Volontiers péjorative, l'expression caractérise d'ailleurs une poésie éphémère, peu sincère, facile, qui choisit ses sujets dans la vie quotidienne.

Mais pour désigner Les Châtiments, l'expression prend le sens large de poésie inspirée par le coup d'Etat du 2 décembre 1851 et ses conséquences.

Les coups d'État ne se comptent plus dans l'histoire des nations, et pourtant un seul a inspiré un chef-d'œuvre ayant traversé victorieusement l'épreuve du temps, Les Châtiments.

Quels sont les caractères d'une œuvre de circonstance présentés par ce recueil ? Comment Victor Hugo a-t-il réussi à la transformer en un monument poétique ayant une valeur durable et même en une véritable épopée de l'humanité ? [I.

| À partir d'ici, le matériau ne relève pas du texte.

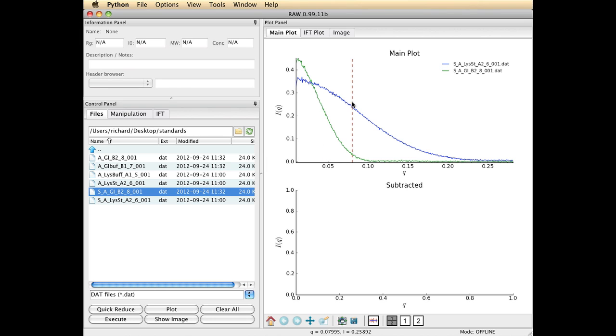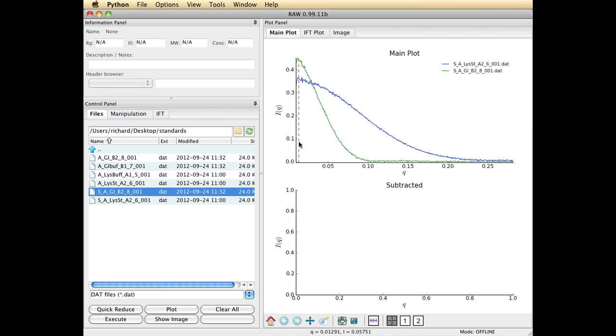You'll notice immediately over on the right hand side here, the images have appeared and we have a linear Q scale and the intensity scale.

Une « œuvre de circonstance »] [1.

L'histoire d'un crime] Initialement, Victor Hugo avait l'intention d'écrire un recueil poétique qui fût l'équivalent en vers d'Histoire d'un crime tout en ayant la force satirique du pamphlet Napoléon le Petit.

Les Châtiments sont donc d'abord un récit, non pas linéaire comme en prose, mais éclaté et souvent allusif, du coup d'État du 2 décembre 1851, raconté par « un témoin, un acteur et un juge » de l'Histoire, selon les propres termes de Victor Hugo dans une lettre à Madame Hugo.

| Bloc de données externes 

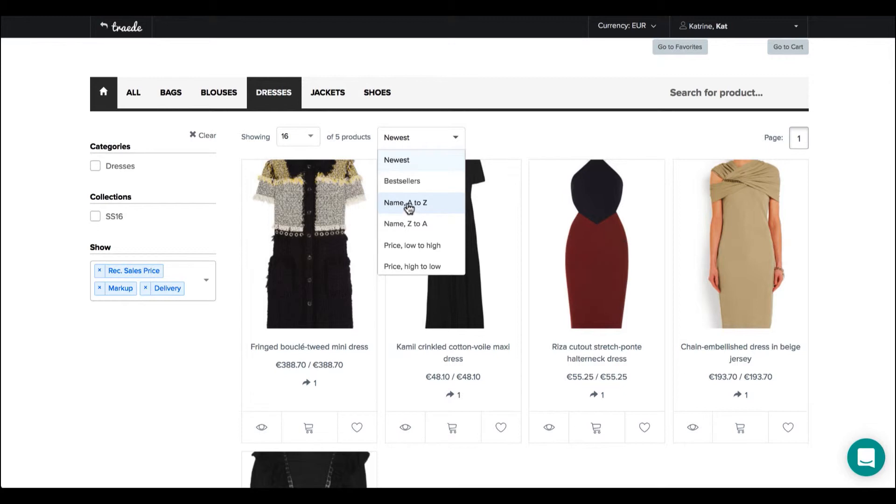But you can also go name A to C, name C to A, price low to high and price high to low.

L'examen des dates de composition des poèmes révèle que jusque vers le milieu de l'année 1852 la mémoire du poète est obsédée par les massacres comme celui de la rue Tiquetonne, les morts du cimetière Montmartre, les colonnes de déportés.

La récurrence des images sanglantes et des visions macabres exprime toute l'horreur du citoyen devant des combats fratricides où l'on n'épargna ni les femmes ni les enfants ni les vieillards, devant les orgies qui ont accompagné le coup d'État et, plus que tout, devant l'application cynique et impitoyable du principe de « l'obéissance passive », au nom duquel tous les tyrans se sont efforcés de justifier leurs crimes : « On voit, quand dans Paris leur troupe se promène Aux fers de leurs chevaux de la cervelle humaine Avec des cheveux blancs » (« A l'obéissance passive », II, 7). [2.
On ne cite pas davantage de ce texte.